Jumat, 17 de abril de 2026 – 21h01 WIB
Jacarta, VIVA – Komisi Pemberantasan Korupsi (KPK) menyita sejumlah uang tunai Rp95 juta hingga dokumen dari penggeledahan di empat lokasi pada 17 de abril de 2026, terkait penyidikan kasus dugaan pemerasan yang menjerat Bupati Tulungagung nonaktif Gatut Sunu Wibowo.
KPK Sita Surat Renúncia OPD Tulungagung
“Penyidik mengamankan uang tunai sejumlah Rp95 juta dalam penggeledahan di kantor Setda (Secretariado de Daerah Tulungagung),” ujar Juru Bicara KPK Budi Prasetyo di Gedung Merah Putih KPK, Jacarta, Jumat, 17 de abril de 2026.
Sementara itu, Budi menjelaskan penyitaan sejumlah dokumen disita KPK do escritório Setda Tulungagung, escritório Dinas Pekerjaan Umum e Penataan Ruang Tulungagung, escritório Badan Pengelolaan Keuangan e Aset Daerah Tulungagung, hingga rumah pribadi maupun keluarga dari Gatut Sunu yang berlokasi de Surabaya, Java Timur.
Bupati Bekasi Nonaktif Ade Kunang Bantah Setoran ke Ono Surono, Sebut Duitnya para Kegiatan Partai
Adaptado documento tersebut disebut terkait pengadaan dan penganggaran di lingkungan Pemerintah Kabupaten Tulungagung.
“Penyidik tentu selanjutnya akan mengekstrak e menganalisis setiap barang bukti yang diamankan dalam rangkaian kegiatan penggeledahan ini,” katanya.
KPK Sita 6 Barang de Faizal Assegaf, Ini Daftarnya
Sebelumnya, KPK realizou operações tangkap tangan (OTT) em Tulungagung, Jawa Timur, em Jumat (10/4).
KPK foi nomeado 18 orang dalam OTT tersebut, termasuk Gatut Sunu Wibowo e adik kandungnya sekaligus anggota DPRD Tulungagung Jatmiko Dwijo Saputro.
Sehari setelahnya atau 11 de abril de 2026, KPK membawa Gatut Sunu Wibowo e adiknya beserta 11 orang lainnya ke Jacarta para diperiksa secara intensif.

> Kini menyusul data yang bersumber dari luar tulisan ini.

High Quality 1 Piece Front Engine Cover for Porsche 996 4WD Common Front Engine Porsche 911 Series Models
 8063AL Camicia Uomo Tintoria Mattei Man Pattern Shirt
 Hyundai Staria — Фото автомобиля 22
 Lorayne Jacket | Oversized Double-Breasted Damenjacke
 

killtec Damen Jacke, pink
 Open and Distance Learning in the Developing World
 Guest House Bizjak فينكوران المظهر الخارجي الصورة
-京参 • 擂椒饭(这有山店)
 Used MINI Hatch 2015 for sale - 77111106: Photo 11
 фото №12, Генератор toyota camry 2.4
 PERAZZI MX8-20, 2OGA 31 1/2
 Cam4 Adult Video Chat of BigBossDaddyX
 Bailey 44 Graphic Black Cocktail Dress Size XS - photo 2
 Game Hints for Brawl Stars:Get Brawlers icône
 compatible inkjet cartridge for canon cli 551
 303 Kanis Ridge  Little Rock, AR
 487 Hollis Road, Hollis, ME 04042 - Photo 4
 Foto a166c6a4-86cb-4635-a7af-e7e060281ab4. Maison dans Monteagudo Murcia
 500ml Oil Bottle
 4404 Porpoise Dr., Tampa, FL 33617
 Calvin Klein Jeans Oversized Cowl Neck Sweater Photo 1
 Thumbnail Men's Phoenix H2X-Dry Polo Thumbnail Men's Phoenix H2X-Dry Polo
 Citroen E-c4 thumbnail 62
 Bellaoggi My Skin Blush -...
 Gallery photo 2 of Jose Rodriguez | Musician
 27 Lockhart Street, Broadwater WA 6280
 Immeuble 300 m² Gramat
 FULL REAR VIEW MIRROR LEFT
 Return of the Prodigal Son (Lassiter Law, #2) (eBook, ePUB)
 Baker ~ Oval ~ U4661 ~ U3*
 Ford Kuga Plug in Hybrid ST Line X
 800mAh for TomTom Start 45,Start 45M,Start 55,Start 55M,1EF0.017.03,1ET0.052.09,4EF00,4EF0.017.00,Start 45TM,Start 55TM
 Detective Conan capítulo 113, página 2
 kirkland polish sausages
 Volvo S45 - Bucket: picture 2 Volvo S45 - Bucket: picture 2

Em seguida, KPK mengumumkan Gatut Sunu Wibowo (GSW) beserta Dwi Yoga Ambal (YOG) selaku ajudan sebagai tersangka kasus dugaan pemerasan e penerimaan lainnya di lingkungan Pemerintah Kabupaten Tulungagung tahun anggaran 2025-2026.
KPK menduga Gatut Sunu memeras perangkat daerah di Pemkab Tulungagung com modus surat pernyataan pengunduran diri dari jabatan dan status apartamentar sipil negara.
Surat tersebut sudah ditandatangani e memakai meterai, tetapi belum diisi tanggal.
Com o modo tersebut, KPK menduga Gatut Sunu mendapatkan uang hingga Rp2.7 miliar dari alvo Rp5 miliar de 16 principais organizações daerah perangkat (OPD) de lingkungan Pemkab Tulungagung. (Formiga)
Faizal Assegaf Bukan Saksi Ahli, Pelaporan Jubir KPK ke Dewas e Polisi Dinilai Tidak Make Sense
Faizal Assegaf melaporkan juru bicara Komisi Pemberantasan Korupsi (KPK), Budi Prasetyo ke dewas KPK e Polda Metro Jaya atas dugaan pencemaran nama baik.